Three layers, in increasing order of realism. All run from the Go test toolchain; the development environment provides go and a real etcd binary (e.g. from system PATH, Homebrew, or Nix store) — no mocks of etcd anywhere, ever. The client-side recipes are exactly where bugs live; mocking etcd would test the mock.

1. Unit (pure logic only)

For code with no I/O: semaphore ranking ("is rank r < N; which key do I watch"), key encode/decode, holder JSON, schedule → next-tick math (table-driven, includes DST edges), backoff sequence.

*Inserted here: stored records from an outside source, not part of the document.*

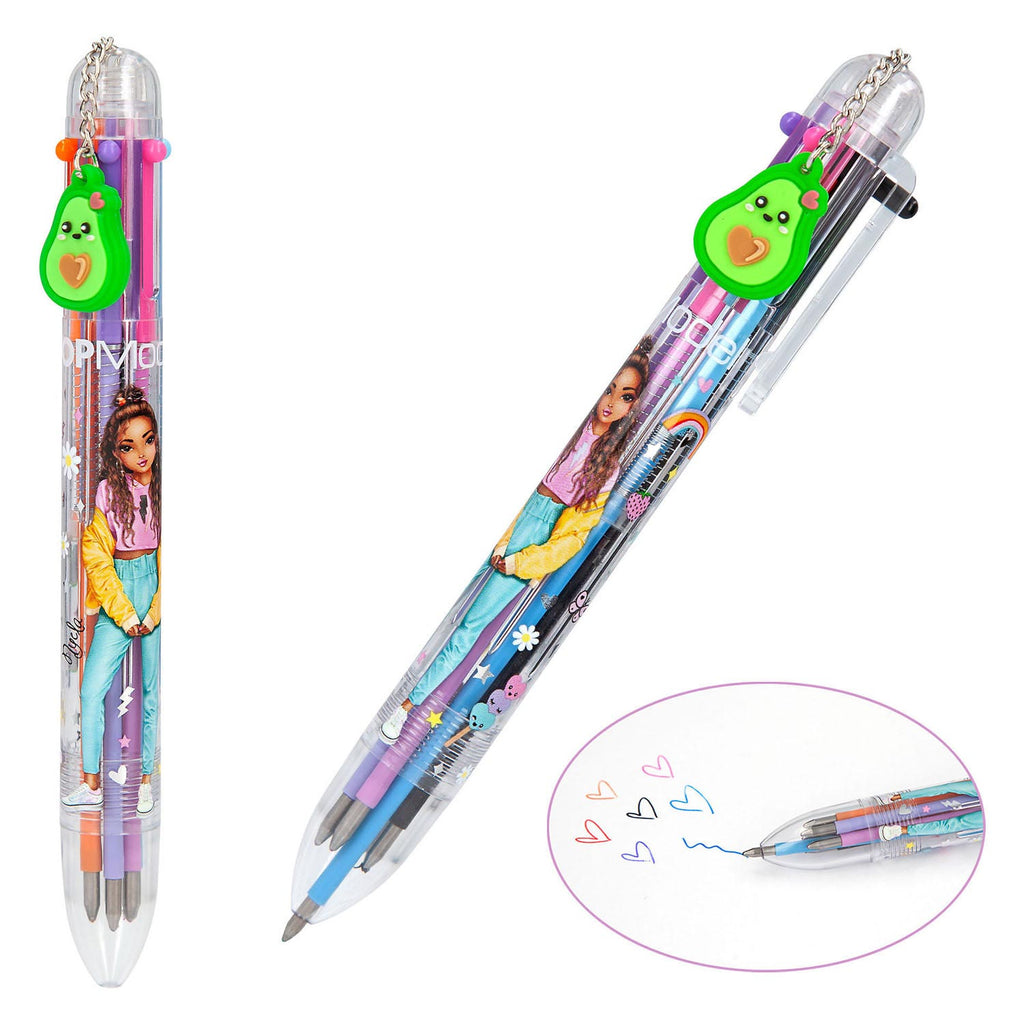 TOPModel Gelpen met 6 Kleuren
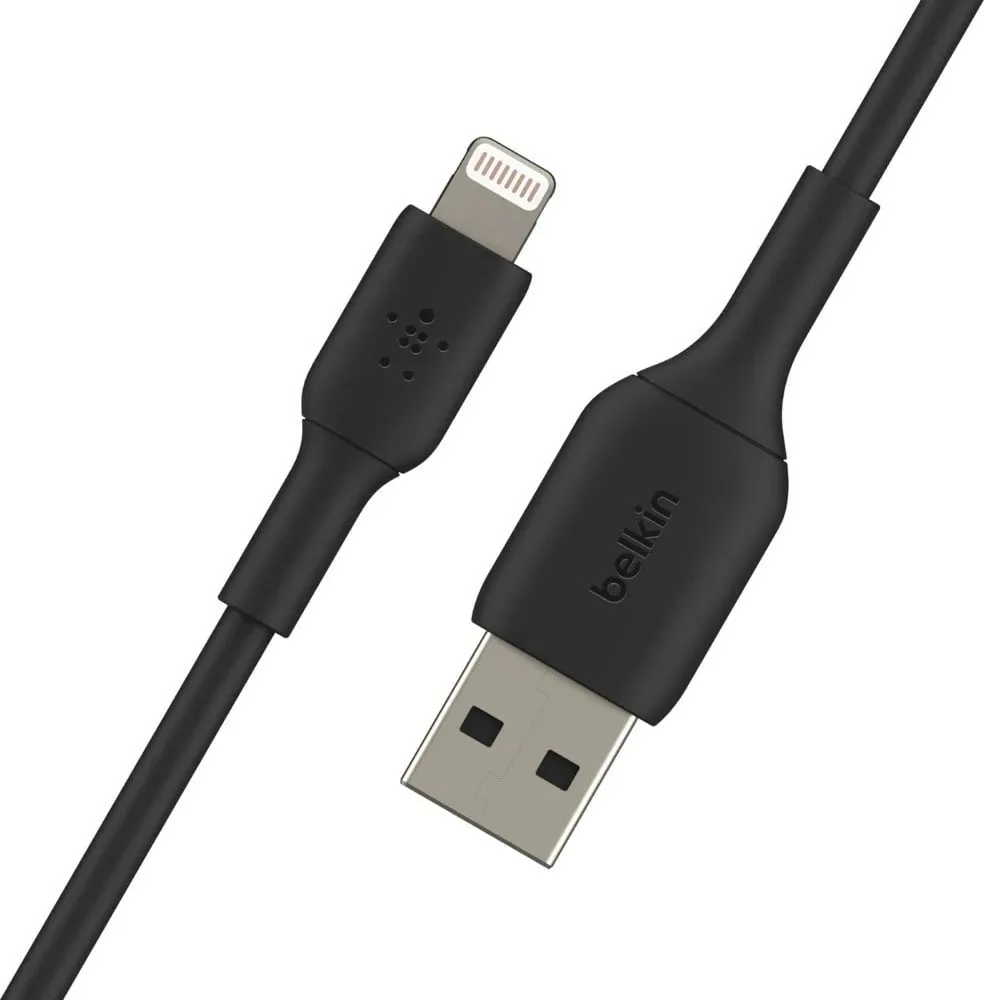 Kabllo Belkin (CAA002bt1MBK) USB-A - Lightning, 1m, e zezë - 4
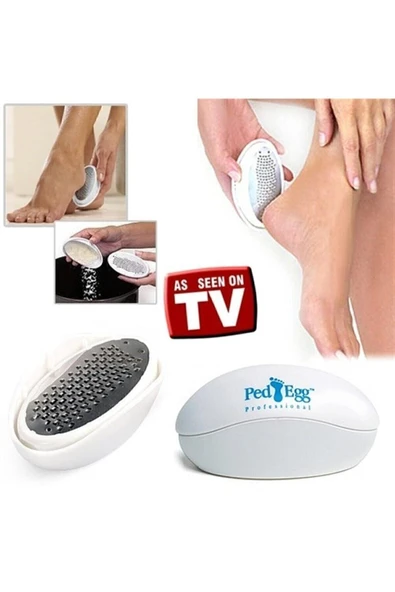 IDM AQUA MANİKÜR Ped Egg Ayak Rendesi Topuk Nasır Temizleme Ayak Bakım Törpüsü Ped Egg Ayak Törpüsü Ped Egg Törpü ürün görseli 1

Plain go test, milliseconds.

2. Integration (real etcd per package)

TestMain execs a single-node etcd from $PATH into a t.TempDir() (unix socket or random localhost port), tears it down after. Each test gets a unique key prefix so tests parallelize within one etcd.

Per tool, the contract table from its spec is the test list. Non-obvious must-haves:

  • elect: winner runs child with correct CONCH_REV; Resign on clean exit hands over immediately (< 1s, not TTL); --who against vacant office exits 1; --restart backoff resets after a 60s-stable child.
  • sema: N+1 contenders ⇒ exactly N children running (poll --who); releasing one promotes exactly the next-by-revision waiter; mismatched --max lands in a separate prefix; --nonblock exits 75 fast; waiter timeout removes its queue key.
  • cron: three conchd instances against one etcd, @every 1s job ⇒ each tick has exactly one result; killed winner ⇒ tick claimed, no result, no rerun; rm during run lets the run finish; restart doesn't claim past ticks.
  • core: child gets SIGTERM then SIGKILL after kill-after when lease is revoked (use etcdctl lease revoke as the partition stand-in); wrapper exits 70; child process group dies (spawn a grandchild, assert it's gone).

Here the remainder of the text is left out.